Выйдя от Елизаветы и зайдя в свой кабинет, Жуковский нашел на столе письмо от Гоголя. Жуковский уже привык к тому, что Гоголек в последние недели чаще переписывается с ним, чем разговаривает. Новое письмо оказалось новогодним подарком от Гоголя.
«Для меня из всех подарков лучший есть упрек, — писал Гоголь, — а потому и дарю вас упреком — за излишнее приниманье к сердцу всех мелочей и даже самых малейших неприятностей в соединении с беспокойством и раздражительной боязнью духа… С вас этот грех взыщется строже, чем со всякого другого: вы так награждены Богом, как ни один человек еще не был награжден. На вечере дней своих вы узнали такое счастие, какое другому в цветущий полдень его жизни редко достается. Бог послал вам ангела в виде любящей вас чистой, ангельской любовью супруги… И поживете вы на земле, как ангелы живут на небесах, остальное время своей жизни. Так вы награждены! И при всем этом вы не можете переносить и малейших противуположностей и лишений. Тогда как, получивши столько залогов и милостей, можно бы, кажется, встретить нетрепетно и большие неприятности…
Молю и прошу вас во всякую минуту душевного беспокойства подойти прежде к столу и взять в руки это письмо, прочитать его.
Не пренебрегите моим подарком, и вы сделаете его драгоценным, как он ни мал… Поздравляю вас, мой друг, благодетель, наставник и виновник многих прекрасных минут моей жизни!»
Осторожно постучав, вошел Копп.
— Я еду домой. Если что, посылайте за мной. Это произойдет на днях, не могу сказать еще точнее… Что это за письмо?
— Опять, кажется, по вашей части, — сказал Жуковский, протягивая письмо Коппу.
Доктор проглядел последние фразы, вздохнул.
— Он сам нынче испуган. Жаловался на тревожное беспокойство и признаки, как он выразился, расслоения во всем теле. Я все-таки зайду еще раз к нему и попробую подбить его на путешествие. Если не ради него самого, то ради вас и моей пациентки. Доброй ночи!
Наутро Гоголь уехал в Париж. А еще через два дня Елизавета родила сына, которого назвали Павлом.
* * *
Еще в юности, в пору первой своей влюбленности в Машу, двадцатитрехлетний Жуковский пришел к выводу, что он ревнив. Тогда же, как человек нравственный, он установил, что это следствие эгоизма и подозрительности, от которых должно избавляться. Он решил для себя на будущее, что, убедившись однажды, что он любим, он навсегда избавится от ревности: доверенность, полнейшая доверенность — вот опора супружества, и нельзя же все время жены занимать своей особой. Он написал тогда для себя целое назидание в дневнике, которое сводилось к одному — люби и будь спокойным, сделай все возможное для приобретения любви, а дальнейшее будет бесполезно и мучительно.
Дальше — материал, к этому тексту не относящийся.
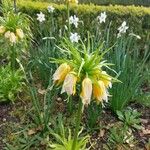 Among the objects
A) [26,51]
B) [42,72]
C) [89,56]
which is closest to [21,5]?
[26,51]

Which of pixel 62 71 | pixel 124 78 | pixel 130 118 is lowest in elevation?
pixel 130 118

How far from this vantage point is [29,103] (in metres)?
4.94

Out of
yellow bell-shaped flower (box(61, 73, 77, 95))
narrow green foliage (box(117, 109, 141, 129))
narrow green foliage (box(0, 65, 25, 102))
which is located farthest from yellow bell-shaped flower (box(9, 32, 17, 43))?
yellow bell-shaped flower (box(61, 73, 77, 95))

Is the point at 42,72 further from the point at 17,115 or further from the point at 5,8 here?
the point at 5,8

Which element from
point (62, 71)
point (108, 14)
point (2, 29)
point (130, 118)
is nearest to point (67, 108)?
point (130, 118)

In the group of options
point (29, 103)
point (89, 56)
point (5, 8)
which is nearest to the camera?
point (89, 56)

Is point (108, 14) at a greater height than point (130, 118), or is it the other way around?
point (108, 14)

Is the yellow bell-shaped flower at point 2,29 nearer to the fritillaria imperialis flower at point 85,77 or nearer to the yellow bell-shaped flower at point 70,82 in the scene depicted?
the fritillaria imperialis flower at point 85,77

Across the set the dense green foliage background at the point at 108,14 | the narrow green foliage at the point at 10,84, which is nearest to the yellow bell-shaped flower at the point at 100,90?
the narrow green foliage at the point at 10,84

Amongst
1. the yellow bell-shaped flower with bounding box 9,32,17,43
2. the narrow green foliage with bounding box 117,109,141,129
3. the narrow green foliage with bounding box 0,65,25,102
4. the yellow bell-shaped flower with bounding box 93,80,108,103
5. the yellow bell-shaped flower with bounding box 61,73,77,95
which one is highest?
the yellow bell-shaped flower with bounding box 61,73,77,95

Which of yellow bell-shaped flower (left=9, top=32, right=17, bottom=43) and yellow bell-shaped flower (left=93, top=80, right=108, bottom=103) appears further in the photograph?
yellow bell-shaped flower (left=9, top=32, right=17, bottom=43)

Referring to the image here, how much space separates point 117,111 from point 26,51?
179cm

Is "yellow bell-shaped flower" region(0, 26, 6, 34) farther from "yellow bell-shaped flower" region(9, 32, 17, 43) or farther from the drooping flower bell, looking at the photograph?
the drooping flower bell

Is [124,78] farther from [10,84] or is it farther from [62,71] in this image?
[62,71] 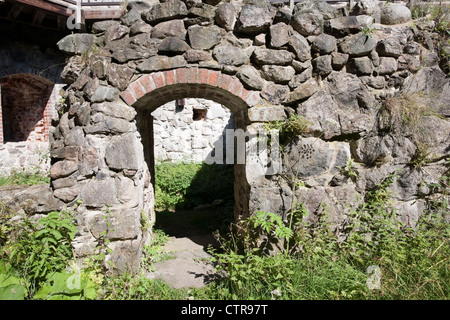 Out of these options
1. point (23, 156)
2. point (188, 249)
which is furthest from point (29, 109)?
point (188, 249)

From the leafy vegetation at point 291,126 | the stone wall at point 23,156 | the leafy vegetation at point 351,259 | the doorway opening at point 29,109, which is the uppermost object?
the doorway opening at point 29,109

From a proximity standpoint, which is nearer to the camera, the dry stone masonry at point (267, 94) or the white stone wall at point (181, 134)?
the dry stone masonry at point (267, 94)

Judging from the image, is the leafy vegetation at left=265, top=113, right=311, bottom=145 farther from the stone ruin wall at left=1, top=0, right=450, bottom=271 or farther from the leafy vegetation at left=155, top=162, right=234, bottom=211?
the leafy vegetation at left=155, top=162, right=234, bottom=211

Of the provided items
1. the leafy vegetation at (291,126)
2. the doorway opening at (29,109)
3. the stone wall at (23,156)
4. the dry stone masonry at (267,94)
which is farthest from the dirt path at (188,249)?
the doorway opening at (29,109)

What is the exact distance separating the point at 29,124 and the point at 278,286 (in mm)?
8114

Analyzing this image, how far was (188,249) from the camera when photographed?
4184 millimetres

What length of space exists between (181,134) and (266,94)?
21.1 ft

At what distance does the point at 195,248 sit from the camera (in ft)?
13.9

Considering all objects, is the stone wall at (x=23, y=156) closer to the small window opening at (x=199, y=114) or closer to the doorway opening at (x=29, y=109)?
the doorway opening at (x=29, y=109)

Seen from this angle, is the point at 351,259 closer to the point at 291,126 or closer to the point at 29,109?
the point at 291,126

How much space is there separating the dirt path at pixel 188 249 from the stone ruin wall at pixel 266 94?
526 millimetres

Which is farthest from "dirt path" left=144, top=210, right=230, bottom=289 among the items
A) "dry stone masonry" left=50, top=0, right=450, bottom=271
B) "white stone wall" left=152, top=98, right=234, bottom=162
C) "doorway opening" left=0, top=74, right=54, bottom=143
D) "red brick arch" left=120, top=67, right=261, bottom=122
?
"doorway opening" left=0, top=74, right=54, bottom=143

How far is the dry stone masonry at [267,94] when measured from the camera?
3.06m

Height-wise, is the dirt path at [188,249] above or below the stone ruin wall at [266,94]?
below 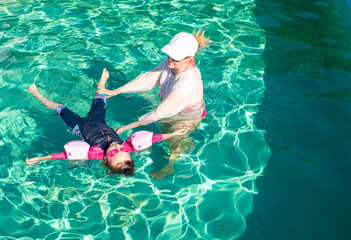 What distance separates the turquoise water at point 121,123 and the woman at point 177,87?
35cm

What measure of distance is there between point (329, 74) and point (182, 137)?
11.3 ft

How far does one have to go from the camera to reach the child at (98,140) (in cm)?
479

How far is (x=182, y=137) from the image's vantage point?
566 cm

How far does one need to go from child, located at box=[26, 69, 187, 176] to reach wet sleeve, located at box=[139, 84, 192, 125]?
0.87 feet

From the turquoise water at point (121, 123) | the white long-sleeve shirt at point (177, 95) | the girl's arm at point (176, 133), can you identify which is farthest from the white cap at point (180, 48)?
the turquoise water at point (121, 123)

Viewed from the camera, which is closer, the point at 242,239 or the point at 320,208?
the point at 242,239

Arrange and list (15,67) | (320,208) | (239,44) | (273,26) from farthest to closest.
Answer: (273,26) → (239,44) → (15,67) → (320,208)

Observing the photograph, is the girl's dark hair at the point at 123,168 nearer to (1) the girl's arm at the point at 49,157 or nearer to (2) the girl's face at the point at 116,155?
(2) the girl's face at the point at 116,155

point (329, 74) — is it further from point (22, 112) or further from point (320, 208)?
point (22, 112)

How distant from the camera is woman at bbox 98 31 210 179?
193 inches

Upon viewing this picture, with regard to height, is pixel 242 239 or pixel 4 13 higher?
pixel 4 13

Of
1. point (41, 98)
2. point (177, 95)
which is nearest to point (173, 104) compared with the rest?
point (177, 95)

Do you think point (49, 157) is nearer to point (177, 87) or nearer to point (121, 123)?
point (121, 123)

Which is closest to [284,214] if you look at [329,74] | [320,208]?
[320,208] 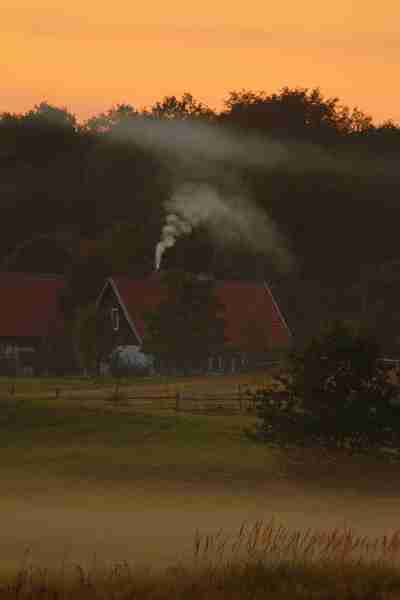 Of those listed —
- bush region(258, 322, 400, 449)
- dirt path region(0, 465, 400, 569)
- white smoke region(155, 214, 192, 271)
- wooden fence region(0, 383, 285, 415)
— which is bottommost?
dirt path region(0, 465, 400, 569)

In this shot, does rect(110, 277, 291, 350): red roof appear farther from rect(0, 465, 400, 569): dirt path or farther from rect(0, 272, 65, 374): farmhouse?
rect(0, 465, 400, 569): dirt path

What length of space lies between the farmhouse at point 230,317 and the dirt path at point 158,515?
57914 millimetres

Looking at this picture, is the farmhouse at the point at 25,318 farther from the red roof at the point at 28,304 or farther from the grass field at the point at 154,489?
the grass field at the point at 154,489

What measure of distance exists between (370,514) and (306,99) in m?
108

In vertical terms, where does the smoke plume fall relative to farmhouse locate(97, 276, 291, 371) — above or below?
above

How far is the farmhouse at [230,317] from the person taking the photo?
100 m

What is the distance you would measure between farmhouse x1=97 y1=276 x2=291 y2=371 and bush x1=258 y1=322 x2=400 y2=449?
57.4 metres

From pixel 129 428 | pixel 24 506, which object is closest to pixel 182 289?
pixel 129 428

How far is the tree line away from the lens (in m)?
116

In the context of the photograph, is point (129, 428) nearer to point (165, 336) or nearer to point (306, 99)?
point (165, 336)

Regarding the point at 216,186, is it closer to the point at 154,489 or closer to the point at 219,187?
the point at 219,187

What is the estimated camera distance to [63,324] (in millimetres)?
112000

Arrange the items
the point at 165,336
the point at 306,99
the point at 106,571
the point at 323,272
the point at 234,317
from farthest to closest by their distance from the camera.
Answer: the point at 306,99
the point at 323,272
the point at 234,317
the point at 165,336
the point at 106,571

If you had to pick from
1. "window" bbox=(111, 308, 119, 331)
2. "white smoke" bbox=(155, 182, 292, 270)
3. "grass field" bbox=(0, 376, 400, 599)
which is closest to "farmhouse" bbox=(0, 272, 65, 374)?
"window" bbox=(111, 308, 119, 331) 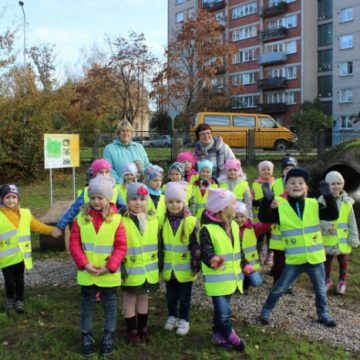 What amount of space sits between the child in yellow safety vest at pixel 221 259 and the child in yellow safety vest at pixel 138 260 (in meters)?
0.47

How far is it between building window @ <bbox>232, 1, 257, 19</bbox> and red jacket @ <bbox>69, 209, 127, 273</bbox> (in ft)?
163

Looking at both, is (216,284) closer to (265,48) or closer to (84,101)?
(84,101)

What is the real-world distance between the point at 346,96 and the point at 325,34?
7.10 metres

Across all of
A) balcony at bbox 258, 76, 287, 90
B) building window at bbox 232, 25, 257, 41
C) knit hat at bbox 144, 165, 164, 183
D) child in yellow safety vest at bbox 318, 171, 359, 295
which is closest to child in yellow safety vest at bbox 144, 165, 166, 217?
knit hat at bbox 144, 165, 164, 183

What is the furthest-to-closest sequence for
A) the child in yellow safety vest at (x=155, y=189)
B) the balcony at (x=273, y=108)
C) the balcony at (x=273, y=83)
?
the balcony at (x=273, y=83), the balcony at (x=273, y=108), the child in yellow safety vest at (x=155, y=189)

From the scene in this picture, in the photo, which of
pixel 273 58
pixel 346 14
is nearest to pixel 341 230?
pixel 346 14

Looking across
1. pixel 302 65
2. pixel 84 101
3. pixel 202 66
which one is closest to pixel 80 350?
pixel 202 66

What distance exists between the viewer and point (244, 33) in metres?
51.1

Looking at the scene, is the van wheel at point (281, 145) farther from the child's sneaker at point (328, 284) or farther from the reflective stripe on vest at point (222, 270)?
the reflective stripe on vest at point (222, 270)

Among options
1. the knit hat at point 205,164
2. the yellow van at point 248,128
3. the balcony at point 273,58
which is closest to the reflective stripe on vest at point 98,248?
the knit hat at point 205,164

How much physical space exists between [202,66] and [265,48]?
741 inches

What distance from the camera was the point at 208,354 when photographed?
3979 mm

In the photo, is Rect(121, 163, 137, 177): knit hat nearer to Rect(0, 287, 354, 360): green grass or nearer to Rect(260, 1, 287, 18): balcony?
Rect(0, 287, 354, 360): green grass

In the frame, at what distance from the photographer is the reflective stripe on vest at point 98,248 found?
3.96m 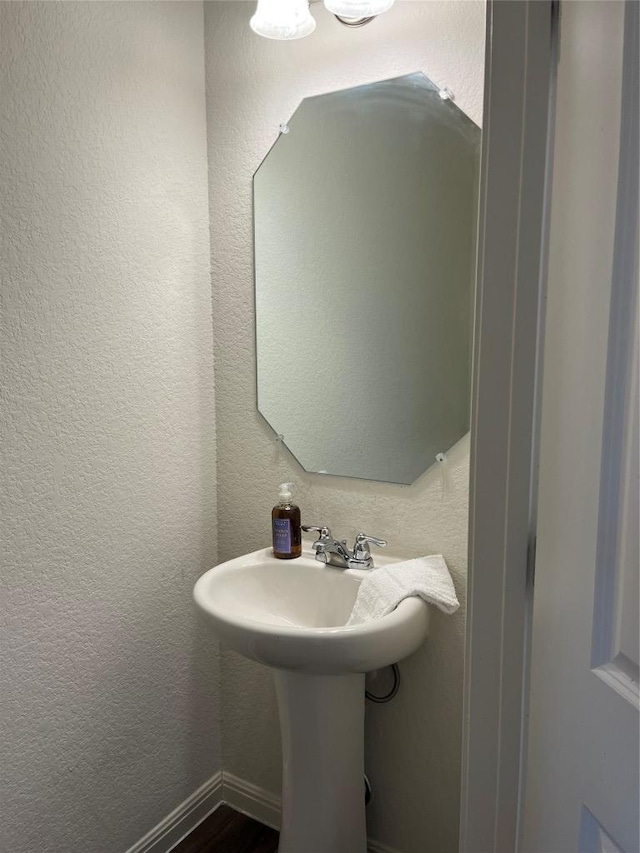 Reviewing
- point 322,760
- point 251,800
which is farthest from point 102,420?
point 251,800

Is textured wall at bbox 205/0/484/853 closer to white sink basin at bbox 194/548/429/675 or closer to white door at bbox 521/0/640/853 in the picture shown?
white sink basin at bbox 194/548/429/675

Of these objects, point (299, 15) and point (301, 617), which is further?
point (301, 617)

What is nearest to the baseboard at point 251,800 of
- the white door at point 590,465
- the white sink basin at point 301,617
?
the white sink basin at point 301,617

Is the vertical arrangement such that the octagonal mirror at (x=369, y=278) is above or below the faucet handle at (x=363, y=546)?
above

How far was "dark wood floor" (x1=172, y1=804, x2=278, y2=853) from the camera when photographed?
1.78 metres

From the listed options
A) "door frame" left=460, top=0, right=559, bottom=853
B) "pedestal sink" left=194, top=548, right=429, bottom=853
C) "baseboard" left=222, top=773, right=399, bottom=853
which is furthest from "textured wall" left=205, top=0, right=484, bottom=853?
"door frame" left=460, top=0, right=559, bottom=853

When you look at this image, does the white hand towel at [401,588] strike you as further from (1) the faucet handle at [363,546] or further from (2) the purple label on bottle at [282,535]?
(2) the purple label on bottle at [282,535]

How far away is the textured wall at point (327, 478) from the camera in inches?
59.5

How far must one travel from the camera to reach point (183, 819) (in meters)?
1.82

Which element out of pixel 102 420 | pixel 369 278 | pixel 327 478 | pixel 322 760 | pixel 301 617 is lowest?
pixel 322 760

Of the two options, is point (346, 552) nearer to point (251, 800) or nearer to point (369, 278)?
point (369, 278)

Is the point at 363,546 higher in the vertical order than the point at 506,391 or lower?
lower

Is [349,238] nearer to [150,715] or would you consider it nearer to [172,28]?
[172,28]

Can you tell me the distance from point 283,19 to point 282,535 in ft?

И вот сейчас, на склоне лет, он обнаружил в себе пробуждение той же забытой муки, той же подозрительности, во сто крат возрастом увеличенной, — и сколько он ни говорил себе, что она неосновательна и бесполезна, оскорбительна, наконец, и для окружающих, и для него самого, скрыть ее у него не было силы. Рейтерн и Елизавета, любящие его более всех окружающих, заметили это первыми, и оттого всякое новое сообщение о сыне они начинали с возгласа о невероятном сходстве Павла Васильевича и Василия Андреевича.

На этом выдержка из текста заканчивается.